To be watchful has precisely this symbolic meaning in the Word, for a person who learns truths and lives according to them is like someone who awakens from sleep and becomes alert. By contrast, a person who lacks truths, but who is engaged simply in worship, is like someone who is asleep and dreaming.

Natural life, regarded in itself or apart from spiritual life, is really no more than a state of sleep, whereas natural life that contains spiritual life is a state of alertness. This alertness, moreover, is obtained only through truths - truths which appear in their own light and in their own clarity when a person lives in accordance with them.

This is the symbolic meaning of watching in the following passages:

Watch..., for you do not know at what hour your Lord will come. (Matthew 24:42)

Blessed are those servants whom the Lord, when he comes, will find watching... Be ready, for the Son of Man will come at an hour you do not expect. (Luke 12:37, 40)

Watch..., for you do not know when the lord of the house will come..., lest, when he comes suddenly, he find you sleeping. What I say to you, I say to all: Watch! (Mark 13:35-37)
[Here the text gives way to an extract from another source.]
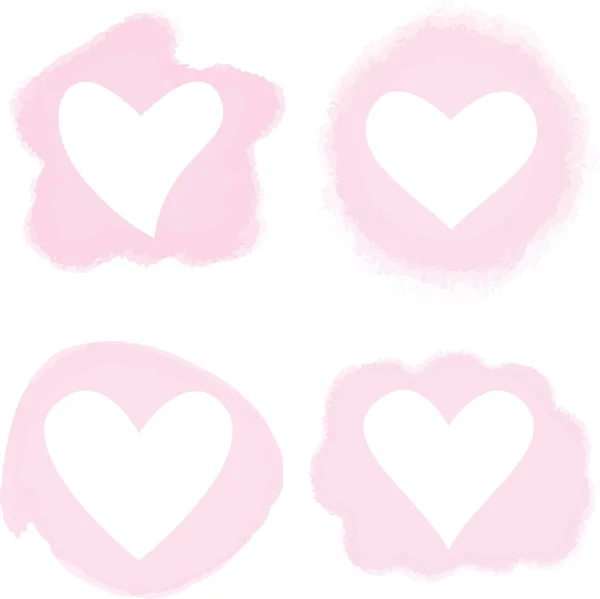 Akvarell hjärtan för alla hjärtans dag, bröllop årsdagen blommor — Stock vektor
While the bridegroom was delayed, (the virgins)...slumbered and slept... And the (five foolish) virgins came..., saying, "Lord, Lord, open to us!" But (the Lord) answered..., ."..I do not know you." Watch therefore, for you know neither the day nor the hour at which the Son of Man will come. (Matthew 25:1-13)

Because the Lord's coming is called the morning (no. 151), and truths are then revealed and light dawns, therefore that time is called "the beginning of the watches" in Lamentations 2:19, and the Lord is called "a watcher" in Daniel 4:13. Moreover we read in Isaiah,

Your dead shall live... Awake..., you who dwell in dust. (Isaiah 26:19)

To be shown that the state of a person who lacks truths is called slumbering and sleep, see Jeremiah 51:39, 57, Psalms 13:3; 76:6, Matthew 13:25, and other places.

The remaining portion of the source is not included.